The Collaborationship Blog

The Collaborationship Blog

Why is Holacracy so hard to accept?

CollaborationshipPosted by Christian Monö Wed, May 13, 2015 14:36:12

Zappos, the online shoe retailer, has decided to go manager-free. This is gaining a great deal of media attention. Some are applauding Zappos attempt to move towards a holacracy, while others are questioning the sanity of it, calling it “an interesting experiment”. Zappos shift towards holacracy, however, is not nearly as interesting as some journalists attempt to question the logic of a manager-free organization.

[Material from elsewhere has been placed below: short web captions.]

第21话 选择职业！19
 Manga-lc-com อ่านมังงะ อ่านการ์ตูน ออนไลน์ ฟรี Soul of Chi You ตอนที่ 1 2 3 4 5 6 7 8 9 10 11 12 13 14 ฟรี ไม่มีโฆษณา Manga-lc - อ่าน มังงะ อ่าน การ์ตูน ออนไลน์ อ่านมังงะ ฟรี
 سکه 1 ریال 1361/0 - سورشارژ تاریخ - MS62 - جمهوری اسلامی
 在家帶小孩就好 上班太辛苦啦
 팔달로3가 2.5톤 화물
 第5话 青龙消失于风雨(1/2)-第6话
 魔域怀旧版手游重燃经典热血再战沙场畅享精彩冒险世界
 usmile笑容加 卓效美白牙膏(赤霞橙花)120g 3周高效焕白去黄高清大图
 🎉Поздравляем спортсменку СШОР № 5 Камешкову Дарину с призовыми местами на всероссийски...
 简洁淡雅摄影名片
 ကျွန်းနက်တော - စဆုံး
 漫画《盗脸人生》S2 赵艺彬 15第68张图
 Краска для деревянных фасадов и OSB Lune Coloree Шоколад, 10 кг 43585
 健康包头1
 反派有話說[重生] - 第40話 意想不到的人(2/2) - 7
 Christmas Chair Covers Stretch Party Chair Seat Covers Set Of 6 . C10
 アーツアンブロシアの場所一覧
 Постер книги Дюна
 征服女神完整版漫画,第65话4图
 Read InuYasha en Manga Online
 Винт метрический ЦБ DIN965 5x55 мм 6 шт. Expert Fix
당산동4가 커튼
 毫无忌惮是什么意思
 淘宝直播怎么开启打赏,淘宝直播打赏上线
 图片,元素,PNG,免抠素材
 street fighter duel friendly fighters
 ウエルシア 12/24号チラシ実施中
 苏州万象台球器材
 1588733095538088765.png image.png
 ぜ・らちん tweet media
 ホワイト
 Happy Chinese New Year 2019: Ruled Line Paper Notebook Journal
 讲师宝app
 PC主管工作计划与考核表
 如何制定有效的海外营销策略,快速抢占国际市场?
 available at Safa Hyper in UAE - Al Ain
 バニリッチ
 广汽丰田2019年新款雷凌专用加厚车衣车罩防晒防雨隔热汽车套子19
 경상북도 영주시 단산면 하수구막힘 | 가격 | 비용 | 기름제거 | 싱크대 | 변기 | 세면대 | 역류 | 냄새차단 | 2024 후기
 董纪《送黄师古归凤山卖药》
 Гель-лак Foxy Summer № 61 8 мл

Take this headline, for example: “Zappos goes manager-free – employees leave in droves” or “Zappos stopped managing its employees. They don’t seem too happy about it”. This suggests that people are leaving the company in protest against the new manager-free structure. In reality, Zappos offered a buy-out of “Three months' severance and 3 months of COBRA benefits, unless they were a Zappos employee for more than four years, in which case they would get one month of severance for every year with the company.

There can be a million reasons why taking a buy-out is a good idea for an employee, and few have to do with holacracy as a system. When journalists point out that 14% of the employees have decided to opt for the buy-out, they fail to add that annually, about 13% quit on voluntary basis (and 7% involuntary). This leaves about 300 people employed yearly. Worth noting is that Zappos have about 30,000 applying each year.

Critics have stated that holacracy might not work in societies where people are used to seeing careers as being interlinked with climbing the hierarchical ladder. In other words – if I can’t be a manager, then what drives me to perform well at work? Of course, one may wonder if such employees are worth having. If I employ people whose primary focus is their own advancement, then that means that their interest in the company they work for, as well as the work they do, comes in second place.

I’ve seen far too many examples of employees and managers taking decisions based on their own gains rather than that of the company they work for. Rather than fostering collaboration between people, hierarchy triggers competition. It’s everyone for himself, and you have to fight your way up.

Although many agree that collaboration between employees are vital for success, few have the courage and the imagination to explore structures that challenge the traditional top-down organizational structure.

Thumbs up for Zappos who dare challenge the traditional, hierarchical perspectives!